In 2012, Fliegauf shot Just the Wind, inspired by a series of murders with five victims which targeted Romani people in his country. The drama, which shows a day in the life of a Hungarian Roma family living in a climate of fear and persecution, was entered into competition at the 62nd Berlin Film Festival and received the second most important prize, the Jury Grand Prix. According to Fliegauf's own account, the structure of the film, centered on the life of a family from morning to evening, had been ready for a decade, but without an appropriate content. For the purposes of this film, he was inspired by a series of articles about the attacks on Romani people written by journalist Zoltan Tabori in 2009 and 2010 as well as a nightmare which Fliegauf used to make the final scene of the film ("I saw a hut and the ghostly shadow of a muzzle flash").

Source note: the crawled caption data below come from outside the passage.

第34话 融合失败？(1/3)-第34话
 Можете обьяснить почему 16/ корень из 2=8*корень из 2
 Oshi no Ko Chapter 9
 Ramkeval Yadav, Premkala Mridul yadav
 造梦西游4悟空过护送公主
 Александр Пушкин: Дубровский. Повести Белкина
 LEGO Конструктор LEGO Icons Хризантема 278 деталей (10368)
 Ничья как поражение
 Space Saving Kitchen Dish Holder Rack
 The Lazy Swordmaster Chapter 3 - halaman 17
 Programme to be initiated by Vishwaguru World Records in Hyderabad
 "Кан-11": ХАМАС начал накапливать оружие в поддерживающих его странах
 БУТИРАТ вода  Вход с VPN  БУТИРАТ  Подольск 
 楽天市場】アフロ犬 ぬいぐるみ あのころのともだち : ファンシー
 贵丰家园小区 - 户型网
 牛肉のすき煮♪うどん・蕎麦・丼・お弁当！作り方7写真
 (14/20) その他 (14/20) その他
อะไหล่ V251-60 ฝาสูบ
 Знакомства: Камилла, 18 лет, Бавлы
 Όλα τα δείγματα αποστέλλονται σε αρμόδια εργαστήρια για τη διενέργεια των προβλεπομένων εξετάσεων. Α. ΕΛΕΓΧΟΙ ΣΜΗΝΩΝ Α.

The director spent a year in research, traveling around Hungary, speaking with Romani and Sinti people. In September 2012, Just the Wind was presented as the official candidate of Hungary at the Academy Awards in the category of Best Foreign Language Film, but in the end was not shortlisted. In Germany, the film was shown in theatres up to almost eighteen months after its premiere, in its original version with German subtitles.

Fliegauf is considered a perfectionist who is known to control almost all artistic aspects of his films, including the score and the visual design. In addition to working in the film industry, Fliegauf has founded an artists' collective known as Raptor's Kollektíva.

==Filmography==

| Year | Title | Notes | Awards |
|---|---|---|---|
| 1999 | Border line (Határvonal) | Documentary |  |
| 2000 | Talking Heads (Beszélő fejek) | Short |  |
| 2001 | Is there life before death? (Van élet a halál elött?) | Documentary |  |
| 2001 | Hypnosis | Short |  |
| 2002 | Forest (Rengeteg) | Feature | Berlin International Film Festival - Best First Film |
| 2003 | The Line | Short |  |
| 2003 | Dealer | Feature | László B. Nagy Award of the Hungarian Film Critics Athens International Film Festival - Golden Athena Berlin International Film Festival - Reader Jury of the "Berliner Zeitung" Hungarian Film Week - Best Director Mar del Plata Film Festival - Best Director Mar del Plata Film Festival - FIPRESCI Prize |
| 2004 | Európából Európába | Documentary |  |
| 2004 | A sor | Short |  |
| 2004 | Pörgés | Short |  |
| 2007 | Milky Way (Tejút) | Feature | Locarno International Film Festival - Golden Leopard Hungarian Film Week - Special Prize |
| 2008 | Csillogás | Documentary |  |
| 2010 | Womb | Feature | Locarno International Film Festival - Junior Jury Award Nominated - Locarno International Film Festival - Golden Leopard |
| 2012 | Just the Wind (Csak a szél) | Feature | Berlin International Film Festival - Jury Grand Prix Berlin International Film Festival - Amnesty International Film Prize Berlin International Film Festival - Peace Film Award Istanbul International Film Festival - FACE Award Nominated Golden Berlin Bear LUX Prize |
| 2016 | Lily Lane (Liliom ösvény) | Feature | Lecce European Cinema Festival - Golden Olive Tree Palic INternational Film Festival - Critics Jury Prize Minsk International Film Festival Listapad - Golden Listapad |
| 2021 | Forest – I See You Everywhere (Rengeteg – mindenhol látlak) | Feature |  |
| 2025 | Jimmy Jaguár | Feature | It competed for Crystal Globe at the KVIFF. |

==Other works==
Benedek Fliegauf was one of the founding members and later manager of the Hungarian punk rock band C.A.F.B. He later worked as contributor for "Pesti musor" a Budapest-based weekly program magazine in the mid-1990s.